But this is changing. In a town where hearts once stood firm against nature's capriciousness, a lawsuit now demands human accountability. On April 10, 2002, a fishing boat called the Radiant foundered in the North Atlantic. Its life craft capsized, and only one of six life jackets inflated properly, an official investigation revealed. One man died, while five others huddled for hours in frigid waters before a rescue helicopter saved them. Scotland's highest civil court is now preparing to hear a $2 million claim against the boat's owners and skipper. The plaintiffs, William Beedie and Shaun Downie, survived, but are demanding compensation for lost wages and psychological trauma.
Beedie, 32, a fisherman since he was 16, sits awkwardly in his living room amid a mess of pink toys, dolls and DVDs belonging to his three young daughters. He was reared in a code of strength and guts, yet now he speaks of being "spooked by the sea." His lawsuit claims he was so traumatized by the sinking that he could not return to fishing and was left unemployed. "They used to say the boats were made of stick and the men were made of steel," he says. "That's not how it is anymore. Men aren't as tough as they used to be. But there needs to be recourse. That's why we have laws and courts."
Launched in 2001, the Radiant was one of Scotland's newest fishing boats, with the highest safety rating available. But when its nets became tangled with a seabed obstruction, its powerful winches anchored it to the seabed, causing the craft to list and take on water, according to a government report. The lawsuit contends that the skipper failed to correct the problem, though he and the boat's owners all deny liability.
The belief that the sea has its own rules which need obeying still holds sway in communities like Rosehearty. Fishermen shake their heads to learn that the Radiant was launched on a Friday the 13th. To locals inclined to this traditional way of thinking, the idea of litigating over an accident at sea is unimaginable. Beedie says he's been verbally attacked and told his lawsuit is "disgraceful." Alex Smith, a skipper from nearby Arbroath, says the case could spell the end of a time-honored code of conduct that requires fishermen to respect their skippers. "Suing because you are upset?" says Smith. "If they win, it will turn the whole system on its head."
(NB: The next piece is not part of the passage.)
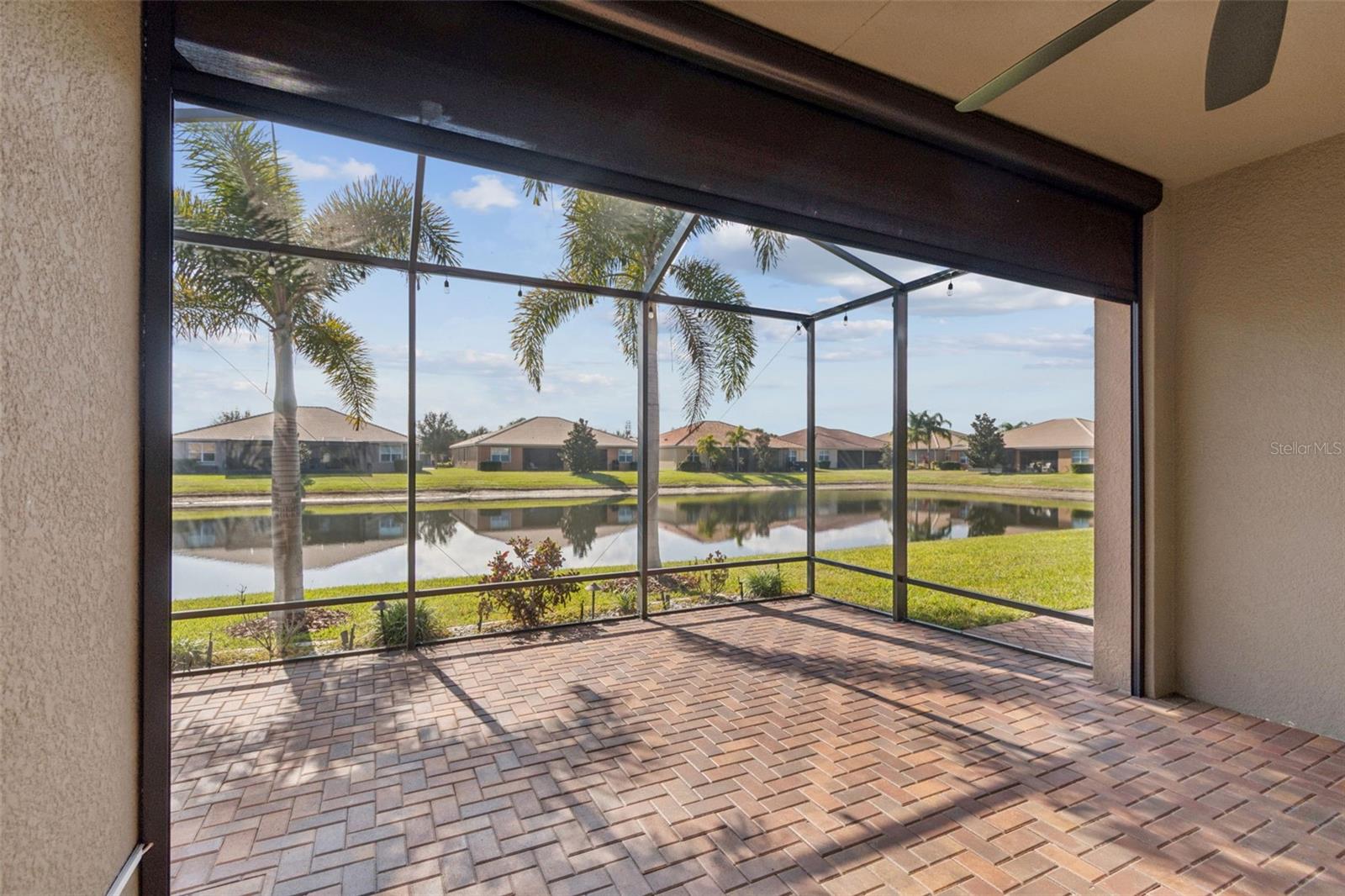 VALENCIA LAKES - Residential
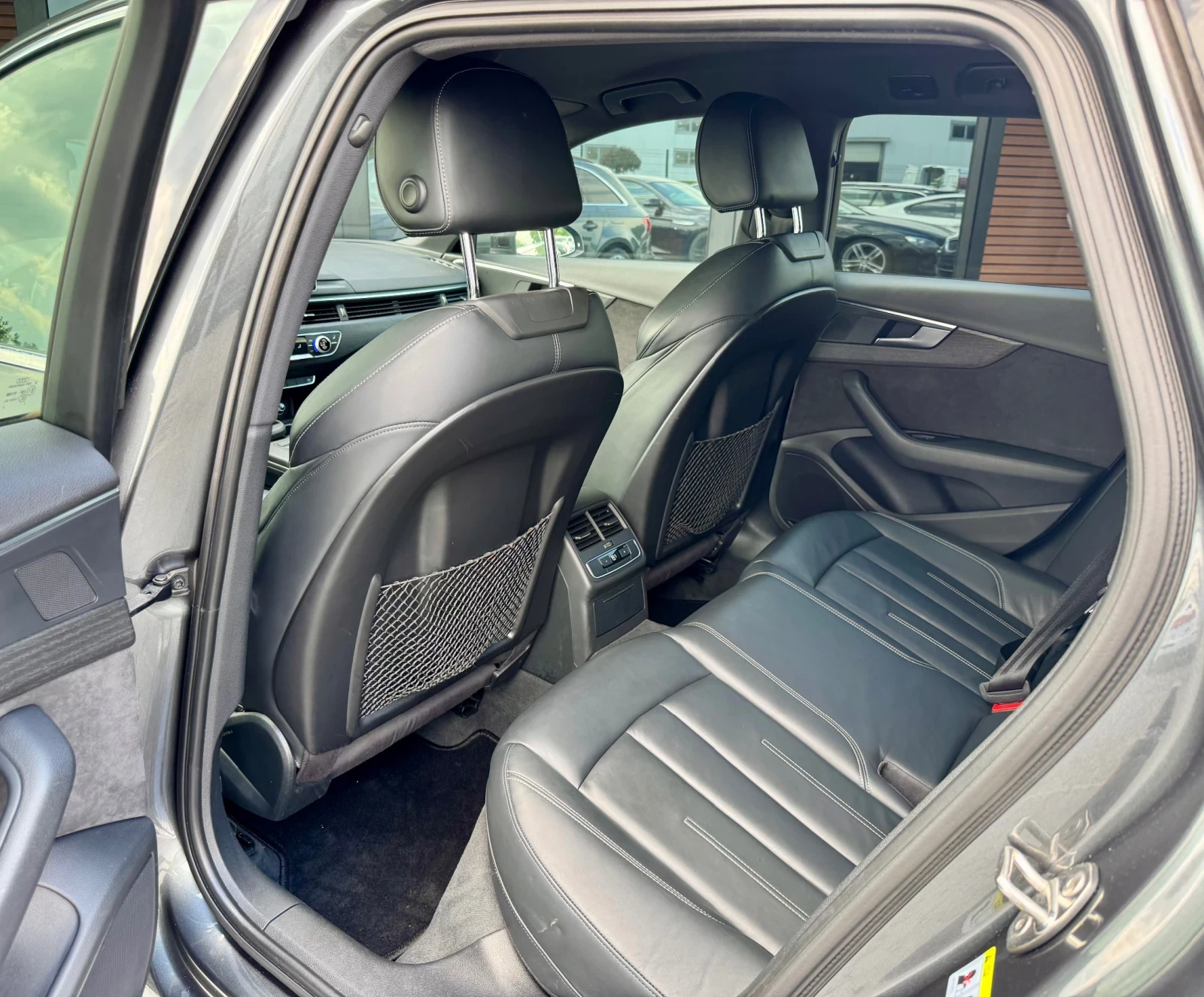 Audi A4 Sport* Sline* Head Up* Kamera* Лизинг, снимка 9 - Автомобили и джипове - 55133602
Indeed, even Beedie's own family seems ambivalent about the suit. He and Downie, his 22-year-old fellow plaintiff, both come from a long line of fishermen, and their fathers were together on a boat that sank in 1980. Nobody died in that wreck, and nobody thought to file a compensation claim. They returned to sea the following week. Today, stiff, stooped and grimacing as he makes a pot of tea, Beedie's father Willie struggles to answer when asked how he feels about his son's case. "You want what's best for your son and for your grandchildren," he says, but he adds: "Fishing is not an easy life. My son knew that." His wife, Rhoda Beedie, echoes him: "You can't trust the sea, you can't."
No matter the outcome of his case, the younger Beedie has turned away from the the sea once and for all. When his last daughter was born, he celebrated. Three girls, no fishermen. Asked whether he, heir to generations of fishers, is concerned that his case could unravel an ancient code, Beedie pauses. "It's already gone," he says. "There's so little left to save."